Whatever the genuine enthusiasm among the masses north and south for some kind of a rapprochement, we have to be sceptical about the big promises being made about a peace treaty, full denuclearisation of the peninsular, safety guarantee for North Korea, and so on. The fact of the matter is that Korea is not an independent actor in its own right - the north relies almost entirely China, whilst the south relies on Japan and the US. No surprise then that both China and the US will be intimately involved in these future talks, for good or for bad. Trump might be claiming now to be a peacemaker extraordinaire, but he is equally capable of delivering a devastating war to the peninsular if he decides that this would be in the interests of US imperialism - or perhaps those of Donald Trump himself. It is also worthwhile remembering that we have been here before - with the 2007 inter-Korean summit between Kim Jong-il and Roh Moo-hyun, where we heard many fine words about peace, denuclearisation, etc.

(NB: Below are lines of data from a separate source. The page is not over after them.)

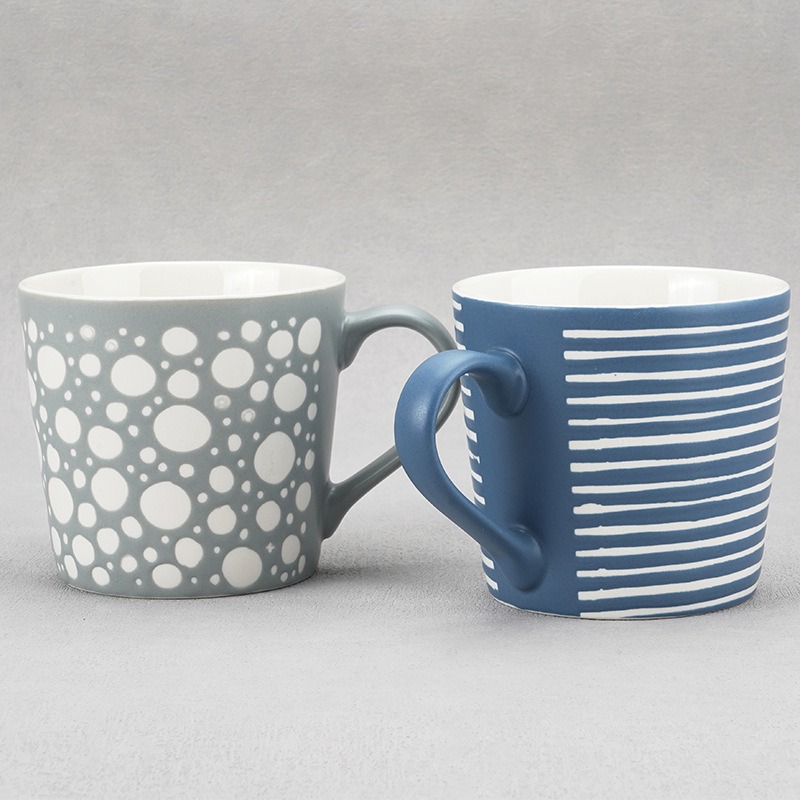 陶瓷马克杯爆款伴手礼杯子色釉手绘丝网水杯赛达陶瓷咖啡杯陶瓷杯详情3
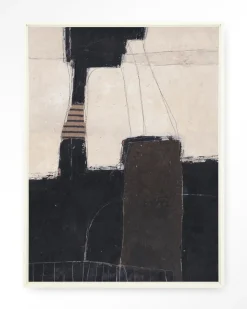 Wandkleed Abstract 2 in maat en frame naar keuze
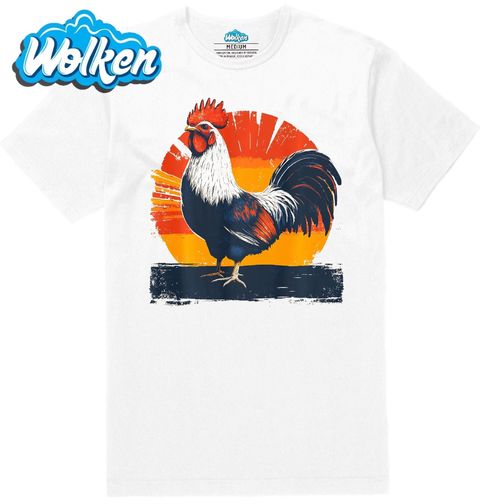 Obrázek produktu Pánské tričko Kohout při Východu Slunce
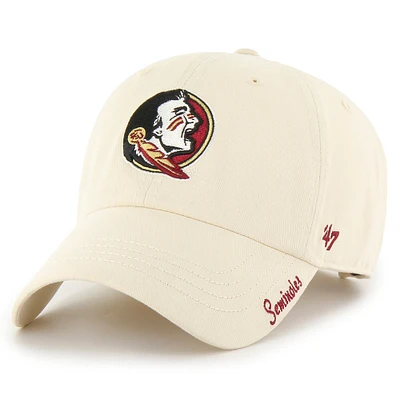 Chapeau réglable '47 Natural Florida State Seminoles Miata Clean Up pour femmes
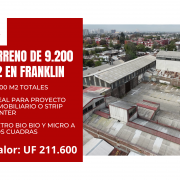 TERRENO 9.200 M2 A LA VENTA EN FRANKLIN, SANTIAGO, CHILE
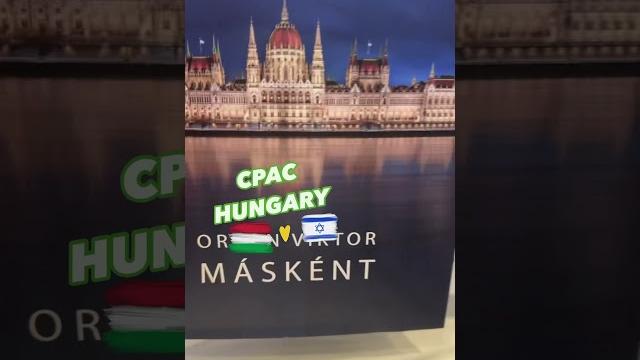 Cpac kicks off in hungary Cpac kicks off in hungary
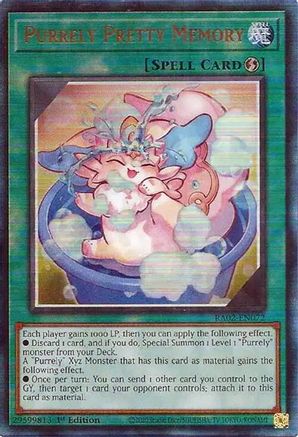 Purrely Pretty Memory (PUR) [RA02-EN072] Prismatic Ultimate Rare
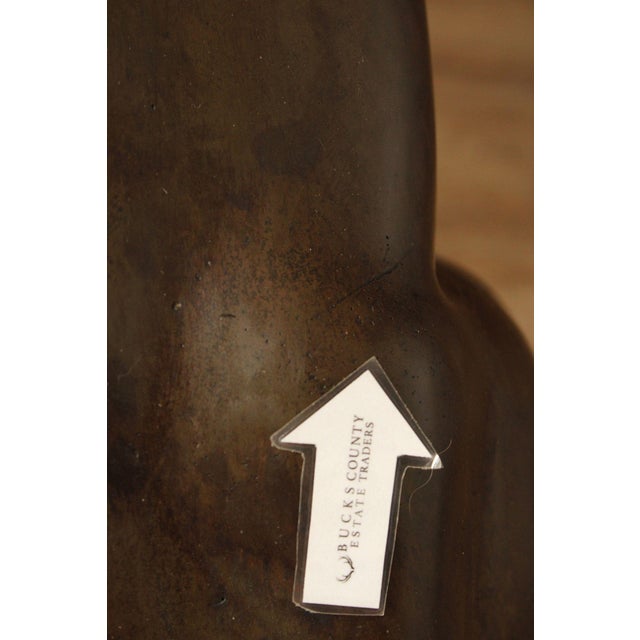 Large Pair Of Outdoor Bronze Whippets For Sale - Image 9 of 12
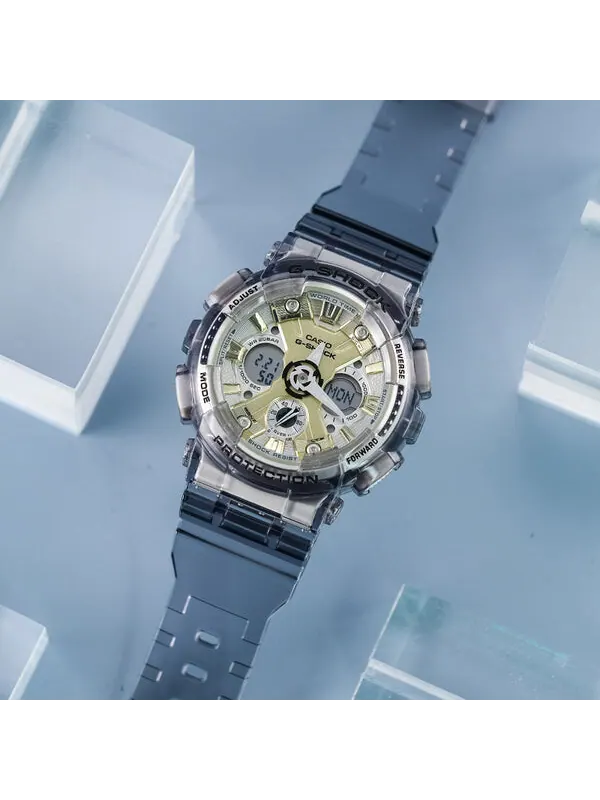 Часы CASIO G-Shock Analog-Digital 'Grey' — изображение 3 из 4, оттенок серый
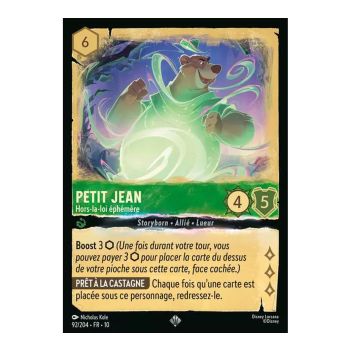 Item Little John, Ephemeral Outlaw - 92/204 - WHW - Glimmers in the Depths - Super Rare - French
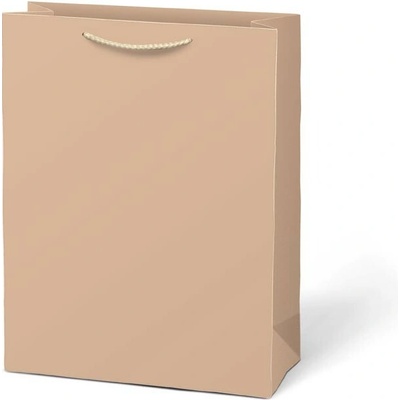 Taška MFP dárková T 5 kraft 260x320x100 béžová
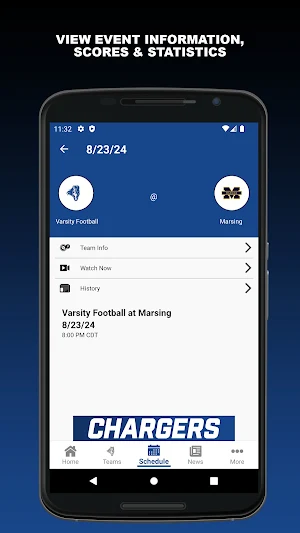 Cole Valley Christian Chargers Screenshot 2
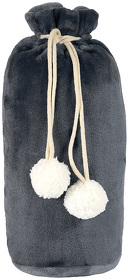 Плед GRADIENT в подарочном мешке; серый; 130х150 см; фланель 280 гр/м2 (H20322/30)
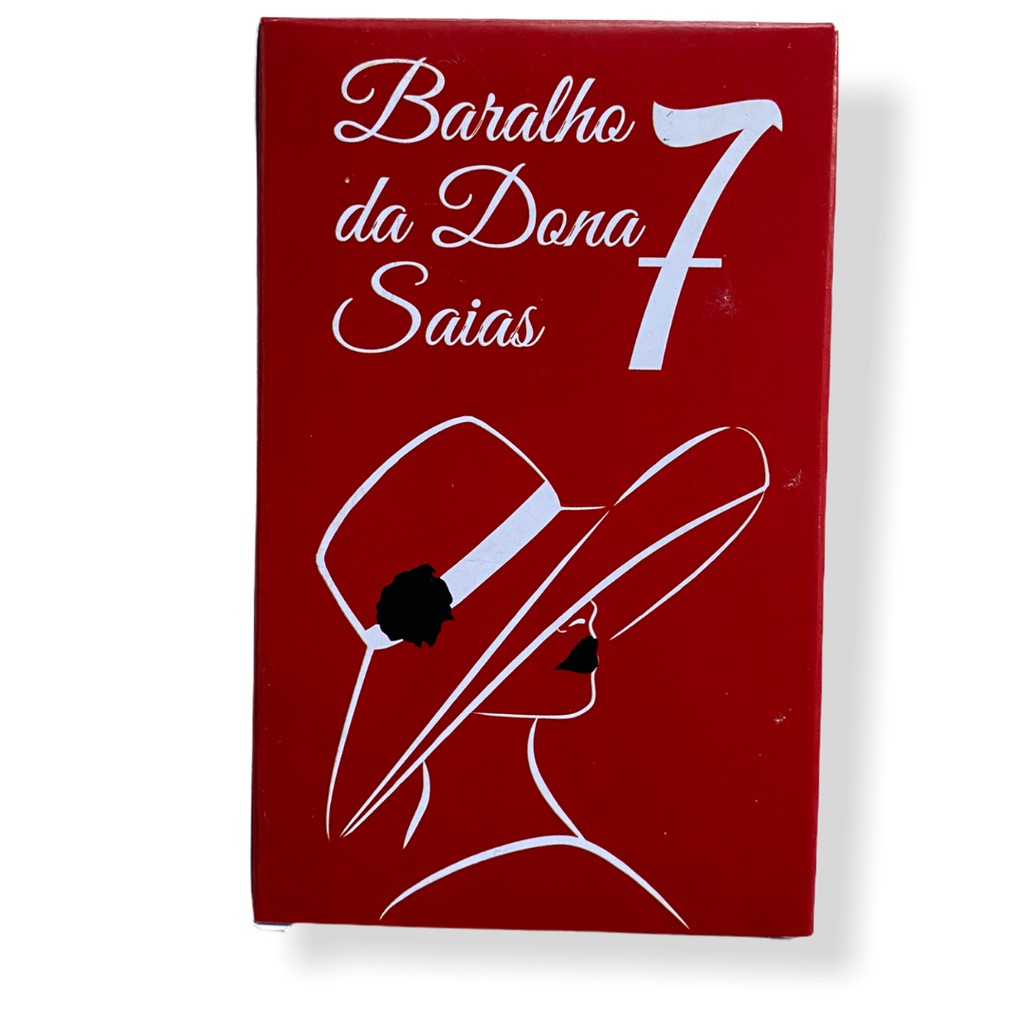 Baralho Dona Sete Saia 36 Cartas E Livreto Explicativo 7 saias Vermelho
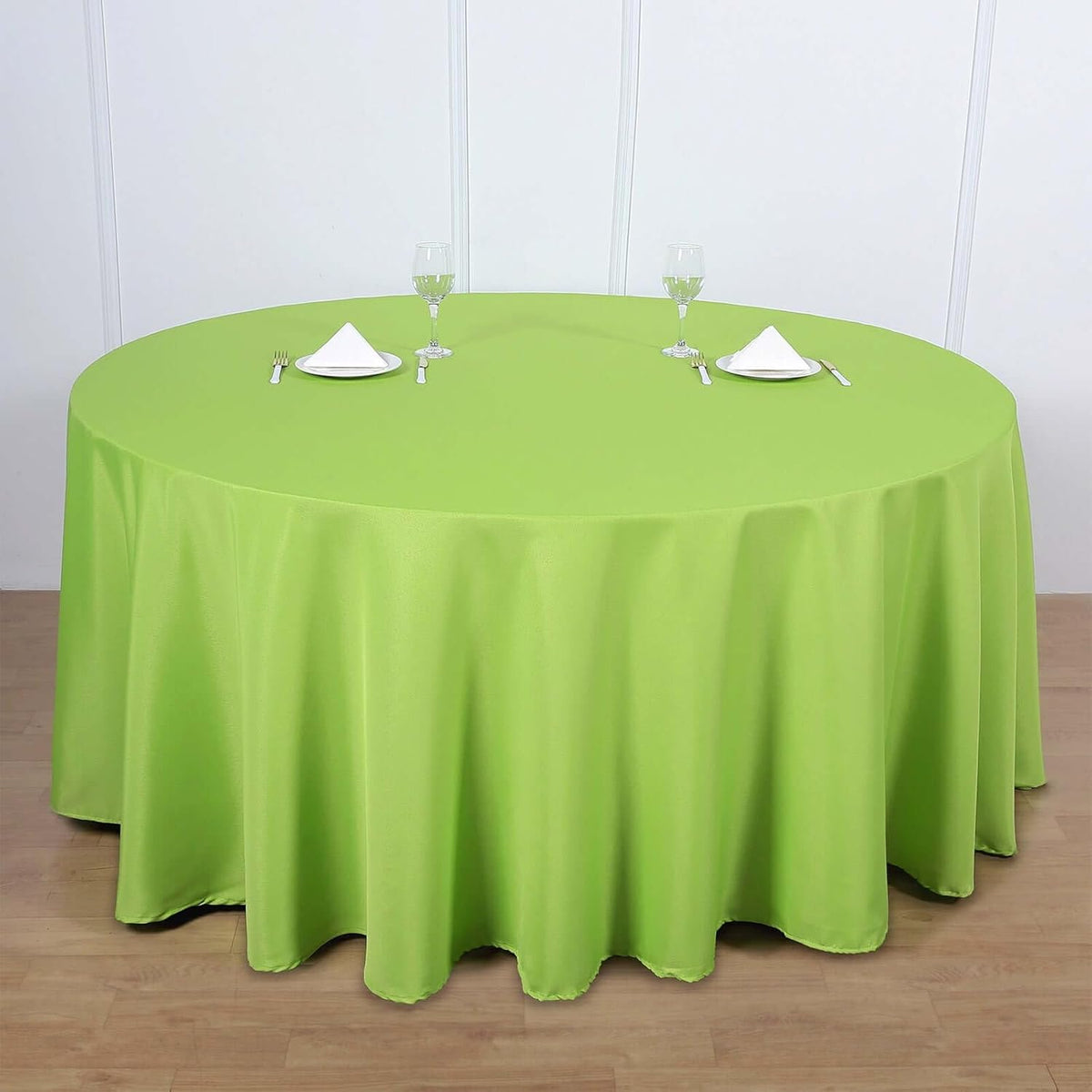 Efavormart Round Tablecloth, 120 Inch Stain & Wrinkle Resistant Washable Table Cloth, Decorative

Hence, it is far too early to celebrate the outbreak of peace - what we want, of course, but whether we get it is a different matter. Clearly, at this moment in time, the mass of ordinary people are not the crucial actors in this process: everything so far is coming from above.

eddie.ford@weeklyworker.co.uk

Notes

1. https://en.wikipedia.org/wiki/Inter-Korean_Peace_House_and_Unification_pavilion.

2. The Guardian April 27.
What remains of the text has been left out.